The work has also encompassed improving understanding of the similarities and differences between the concepts of significant benefit and added therapeutic value in the context of orphan drugs. No major differences between significant benefit assessment and relative efficacy assessments have been identified, and the conclusion is that early interactions between stakeholders might further diminish differences in the future. "HTA organizations might benefit from reviewing the orphan maintenance assessment reports, as provided on the EMA website," the report recommends. But on unmet medical need, where work has also been undertaken, the conclusion is that it is necessary "to explore further collaborative work on the concept to inform prioritization by different decision makers."

There is a long list of items requiring further discussion. "Priority topics for the work stream" include increased personalization leading to smaller patient populations, smaller trials, less evidence, and increased need to manage uncertainty.

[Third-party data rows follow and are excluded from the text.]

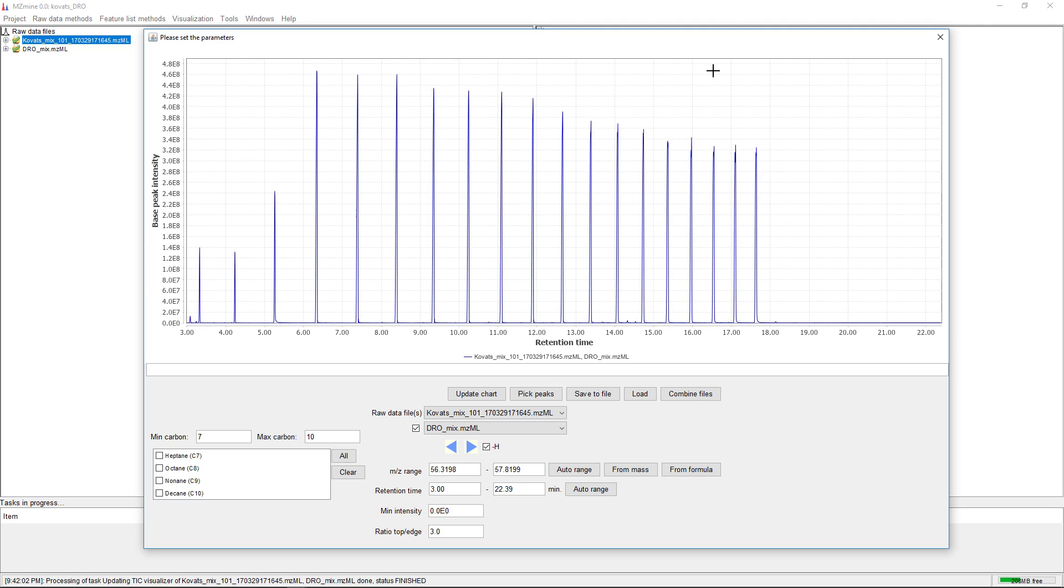You can download spectral library for GC-MS from MassBank of North America, or you can use the GNPS GC-MS workflow.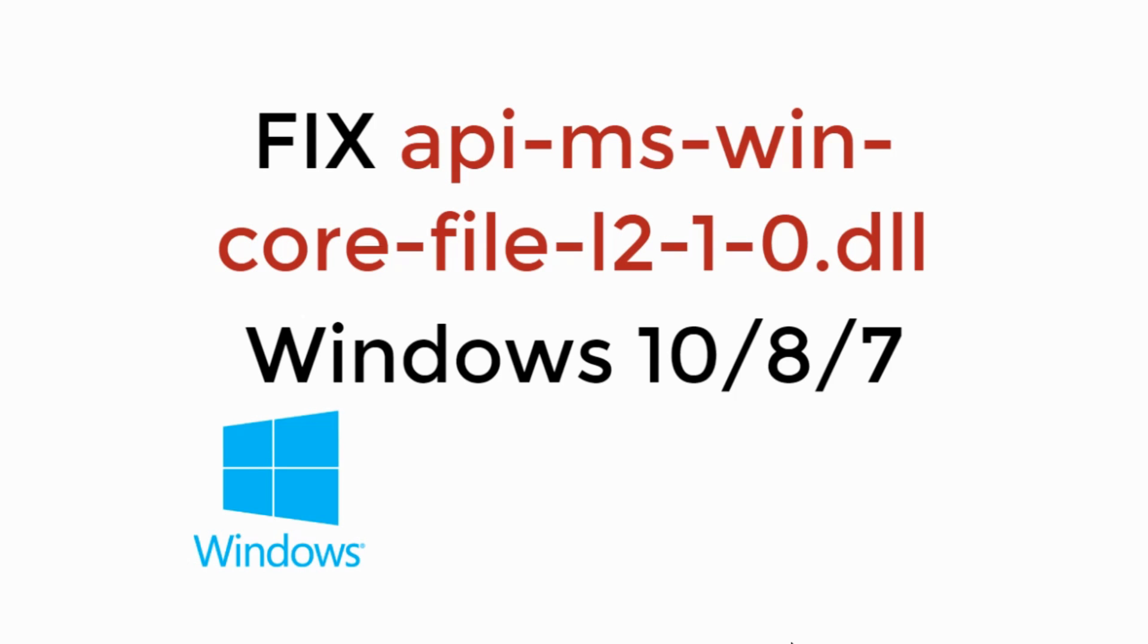In this video we will fix apimswincorefile.dll in Windows 10, 8 or 7. So let's begin.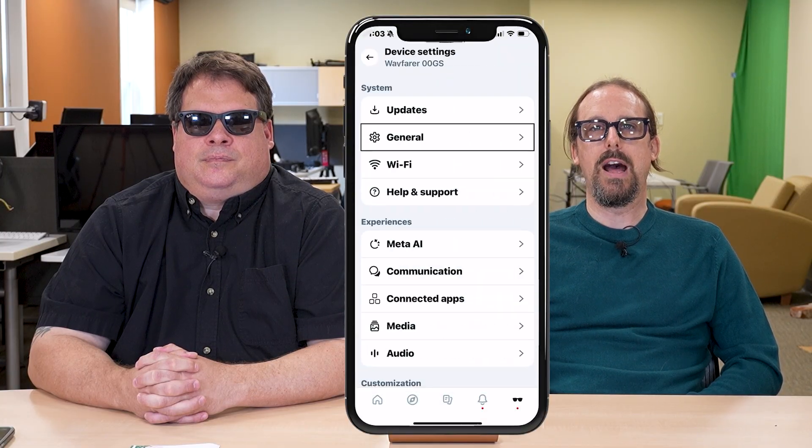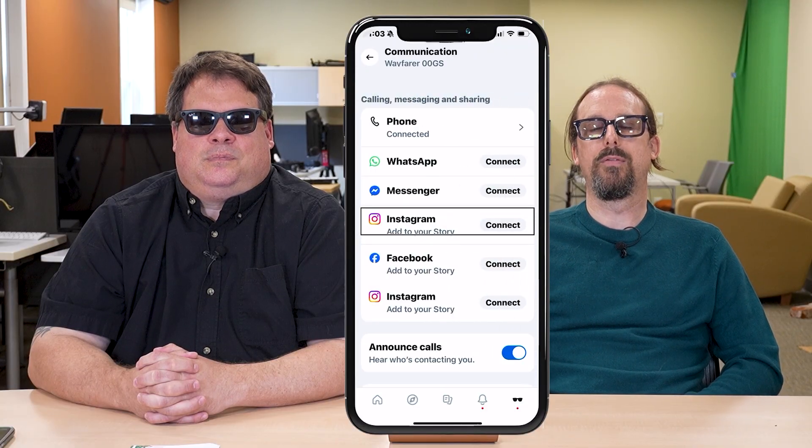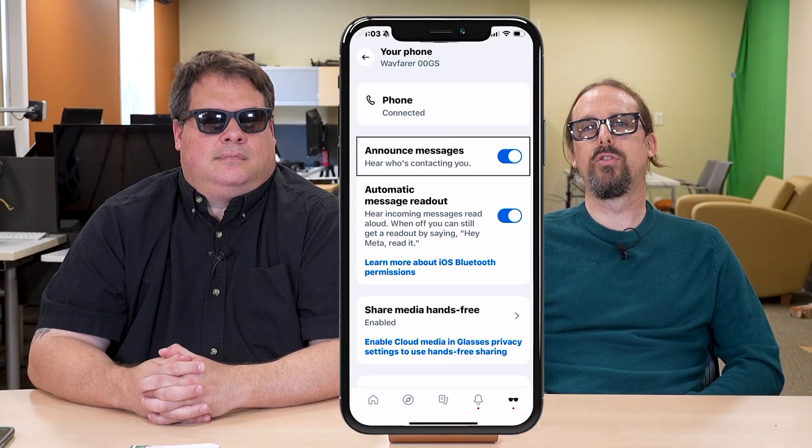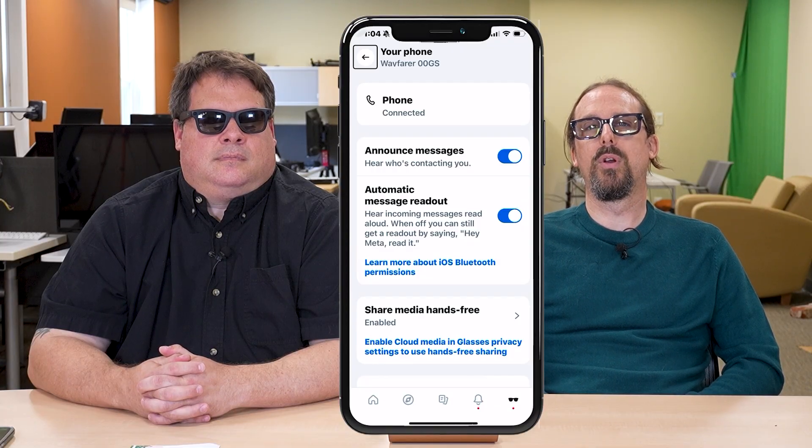Feature number three in Meta AI is to have the Meta Glasses announce calls and/or text messages to you. You can find these in the communications section. Go to the Meta AI app, go into your glasses, find the communications button, and the option to announce calls will be right there in that menu. Toggle that on and it will announce calls as they come in. The ability to have text messages read aloud is in a similar place — go to Meta AI, go into your glasses, find communications, then the phone button. In there you'll find two options: one to announce messages, and one to automatically read those text messages aloud.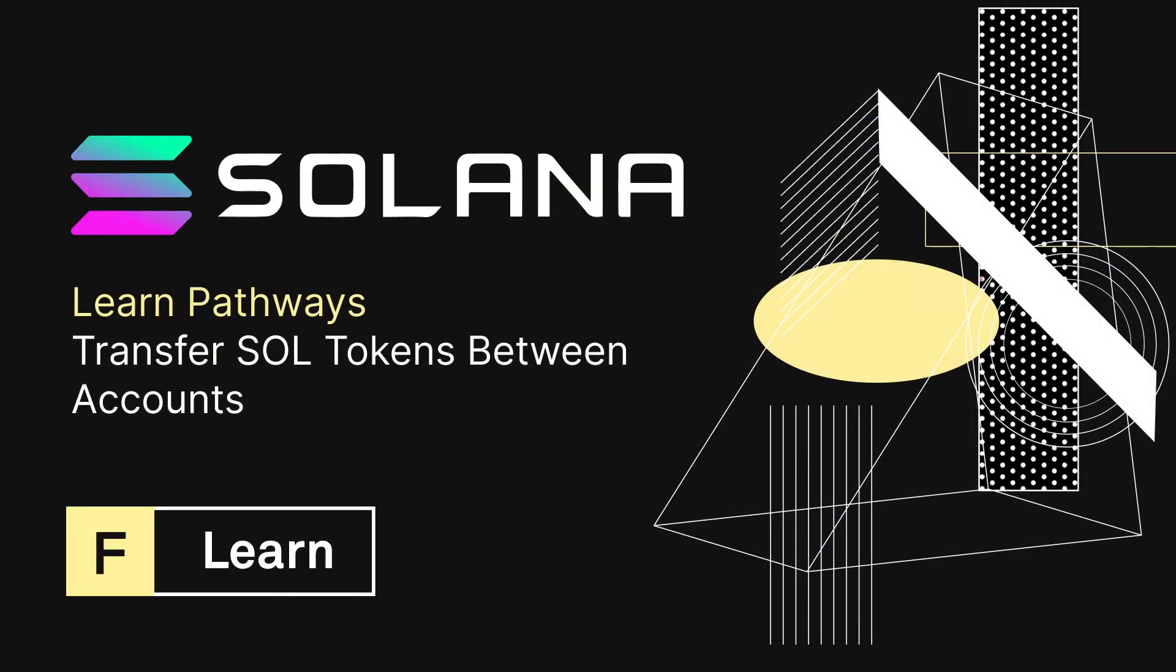As always, if you had any trouble following this tutorial or simply want to discuss Solana or Data Hub tech, you can join our Discord in the link down below. I look forward to seeing you there. Until next time, happy coding.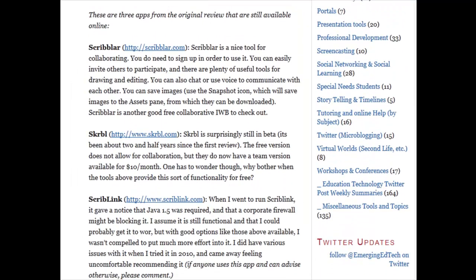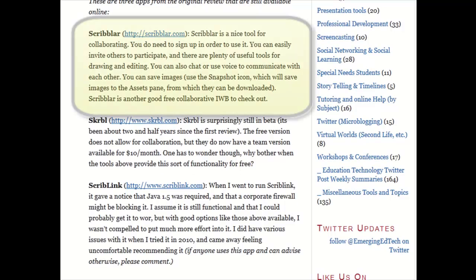Then there are three apps from my original review that are still functional. Scribblr is a nice tool, though you do need to sign up to use it. One advantage of some of the other apps is that you don't need to create an account, which makes things quicker and easier. Scribblr also has chat and some voice communication capabilities, making it a powerful, good tool absolutely worth checking out.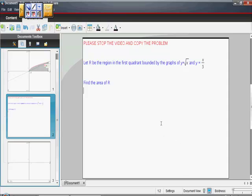This is from a free response question. I've seen so many of them, and they're asking for the area bounded between two curves. So here's one — please stop the video for a second and copy the problem. Let R be the region in the first quadrant bounded by the graphs of y equals square root of x and y equals x thirds, and we're asked to find the area.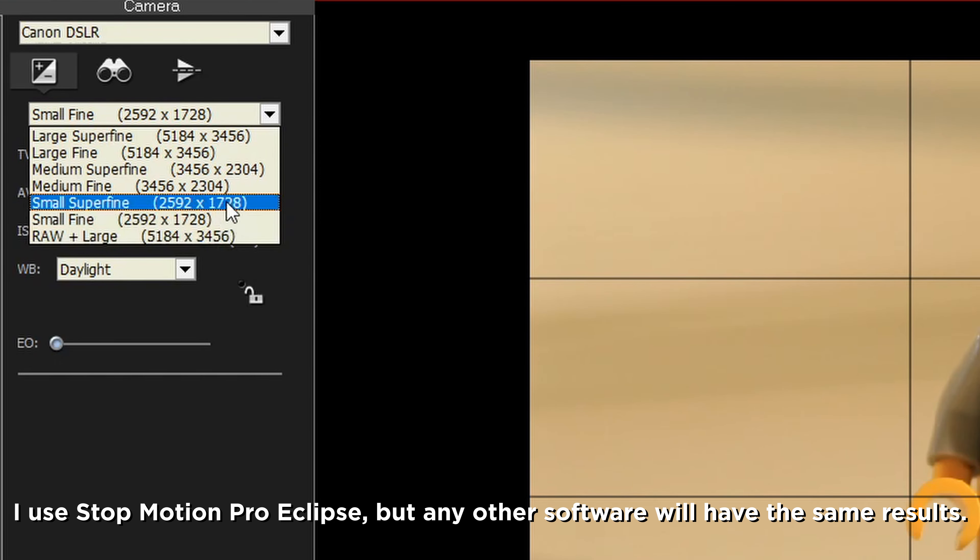Okay, now for real settings, the first thing that you're going to want to know about is the resolution. This basically means how pixelated it looks. A higher resolution will generally look better, but it does take up enormous amounts of space on your computer. I like to use small or medium superfine because they still have incredible amounts of detail while being significantly smaller file sizes.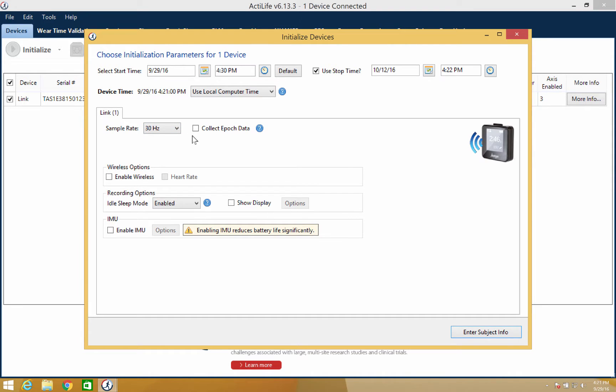The collection mode will remain in the raw format, but you also have the ability to turn on epoch data collection.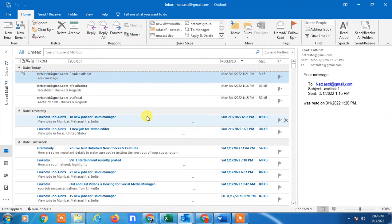In order to send group emails, first you need to create groups. I'll show you two ways to create groups. First, I'll show you a quick way to send email if you have a division, project, or team that you want to group together.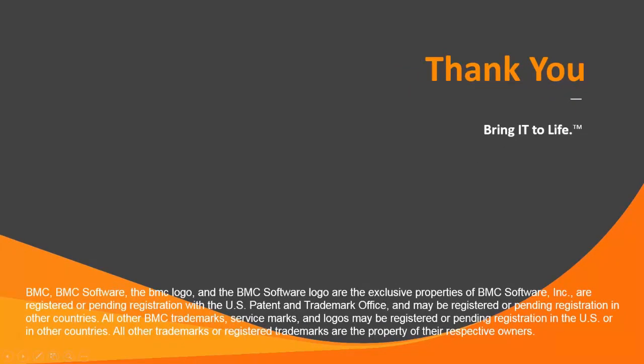Following these very simple steps you are now ready to apply the component template hotfix provided by BMC. This concludes the video, thank you for watching.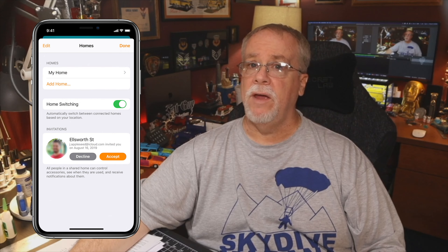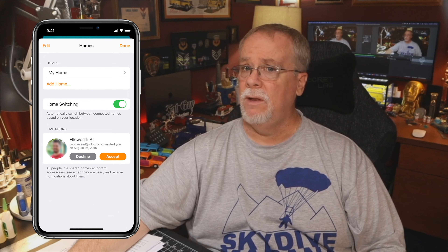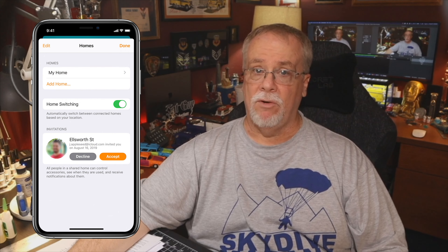Disclaimer: you're not going to like this. But trust me, in the end, you'll thank me. Let's start by talking about the issues I was having that forced me to take drastic measures. I couldn't for the life of me get an invitation through to my wife for her to join our HomeKit home. Every time I would send her an invite, she would get the endless spinning wheel of death and it would never let her accept my invitation to the home.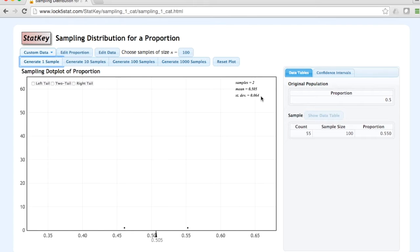Later, we'll see that this is known as the standard error. Now, we could repeatedly pull one random sample at a time and look at the sample proportion in each.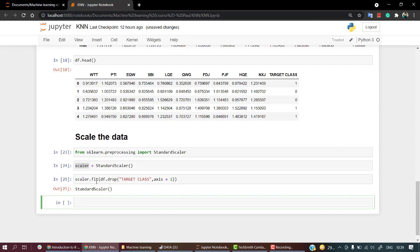I have done everything that is needed. Now I have fitted, and what I will do is transform using the transform function.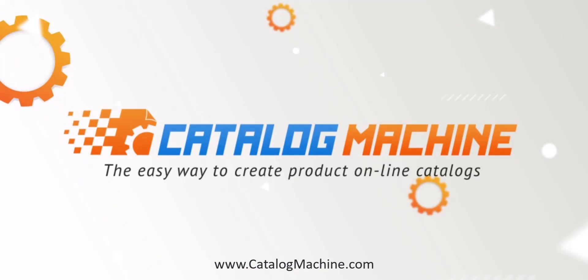That's all. You've transformed your Excel or Google Sheets data into a professional catalog. Check our Help Center for more templates and tips for working with international characters. Happy cataloging!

The list also features companion diagnostics and other diagnostics for targeting therapeutics but where not directly related to use of specific therapeutics, such as genetic signatures and next generation sequencing. New treatment paradigms such as highly individualized combinations of immune-oncology products targeted through NGS also feature on the "to do" list, as do operational issues around patient access to companion diagnostic tests.

The clear identification of achievements and of outstanding tasks comes at a crucial moment in the evolution of European cooperation on HTA, with EU member states on the brink of agreeing on only a very limited legislative framework to take forward the work conducted by EUnetHTA over the last fifteen years. Within weeks it is expected to become clear whether the road to closer collaboration remains open, or whether national reticences over handing over too much power to the EU will inhibit progress.